There are plenty of articles about writing a good CV, but what if you’re overlooking some of the things that shouldn’t be included? The list below details some of the pet hates employers have when they receive a fresh batch of resumes. If you want to get through to the next stage, do your best to avoid these!
Unless a photo is requested, you don’t need to include one. A job should be given on merit, not on appearance, and photos can act as an unhelpful distraction.
While some jobs may have age restrictions, the majority won’t, so unless there’s a clear reason to give your age, don’t bother.
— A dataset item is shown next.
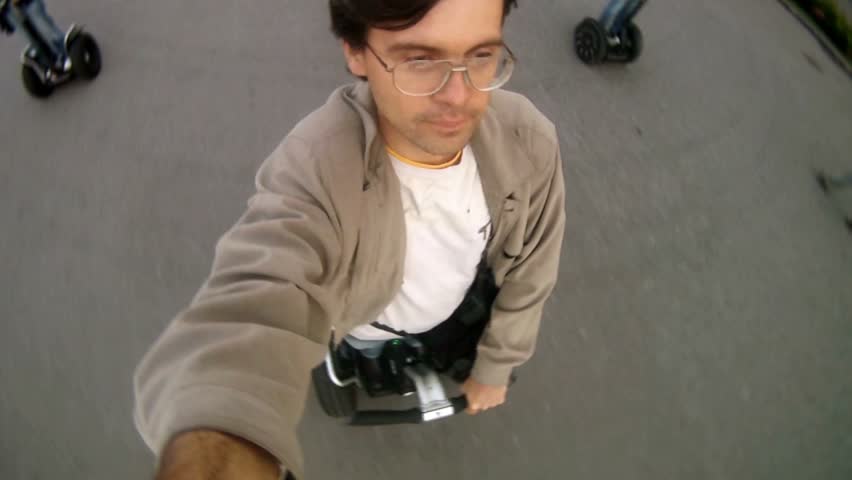 Man wearing spectacles goes on footpath on segway in afternoon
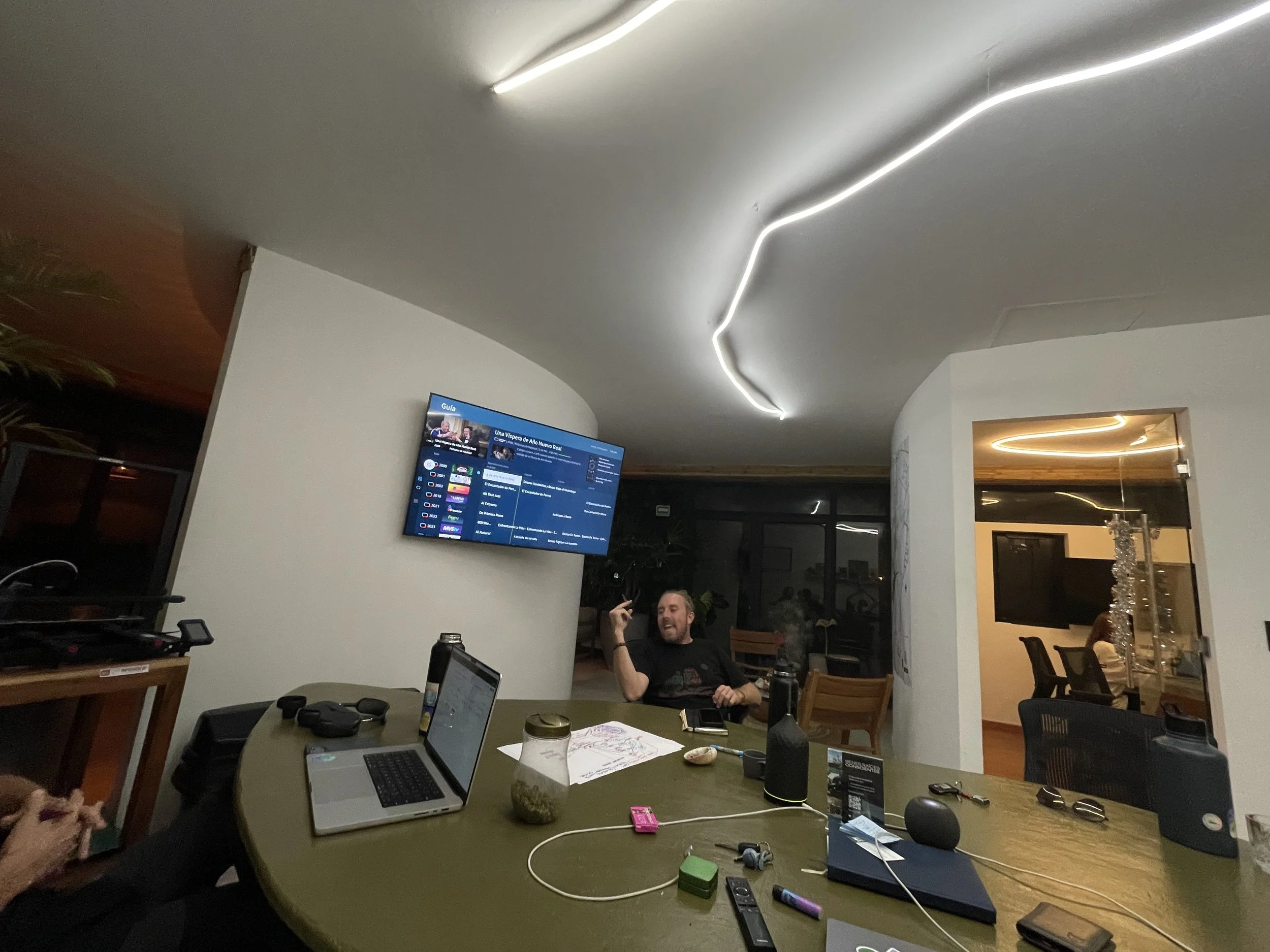 A person sitting at a table in a modern room with a curved ceiling and LED lighting, watching a television mounted on a white wall.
There is no need to include your marital status, political affiliations, religious beliefs or national insurance number. These may have been required at one time, but giving these details is now highly discouraged and could even be illegal in some circumstances!
This should be a given, but anyone who watches The Apprentice will know that there can be a tendency to embellish the truth when it comes to writing a resume. As well as harming your conscience, the truth has a tendency to come out. Even if you get the job, it could put your future in jeopardy if a fib is exposed down the line.
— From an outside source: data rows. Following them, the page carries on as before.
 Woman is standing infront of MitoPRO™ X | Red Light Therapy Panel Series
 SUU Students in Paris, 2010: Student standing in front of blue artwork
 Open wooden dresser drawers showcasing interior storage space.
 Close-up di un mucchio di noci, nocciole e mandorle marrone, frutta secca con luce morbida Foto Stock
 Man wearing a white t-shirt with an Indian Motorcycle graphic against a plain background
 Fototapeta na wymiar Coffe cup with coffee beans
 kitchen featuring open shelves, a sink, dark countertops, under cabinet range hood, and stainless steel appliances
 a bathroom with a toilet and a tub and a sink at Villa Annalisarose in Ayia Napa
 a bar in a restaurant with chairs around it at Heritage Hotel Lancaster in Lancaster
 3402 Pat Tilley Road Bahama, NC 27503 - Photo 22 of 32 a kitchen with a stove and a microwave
Many of us automatically include hobbies on our CVs because we want to show employers that there’s more to us than just work, work, work. But unless they’re relevant to the job you’re applying for, they will simply take up the hiring manager’s valuable time.
It should be fairly obvious that you want the job if you’re applying for it, so avoid stating this. The exception to this rule is if you’re moving from one industry to another and want to explain the transition. You can say why you want the job in your cover letter and at the interview stage.
You may have been the best paper girl or boy in your town as a teenager, but it probably isn’t relevant to your future field of work. Include only the key roles you’ve had and demonstrate why they are relevant if it isn’t immediately obvious.
If your personal email address is in any way controversial or unprofessional, set up a new one specifically for job applications. This will help when you send your CV off and will also enable you to keep track of applications more easily.
If your CV is packed full of irritating phrases like “There’s no I in team” or “cross-platform synergy” or “thinking outside the box” you’re sure to put the hiring manager off. Good terms to use (in moderation) include “achieved”, “managed”, “resolved” and “launched”.
You may think including headers, footers, tables, images and charts demonstrates your excellent use of Microsoft Word, but employers will see it as a waste of time. Worse still, if the company uses an automated CV tracking system, the data may be extracted and regurgitated in an almost incomprehensible form. Stick to clear, simple, black fonts, bullet points, subheadings and concise text.
Remember that hiring managers typically receive around 75 CVs for each post, so yours needs to stand out for the right reasons. They will spend an average of just six seconds at the initial screening phase, so don’t give them any reason to dump your resume without giving it a fair chance.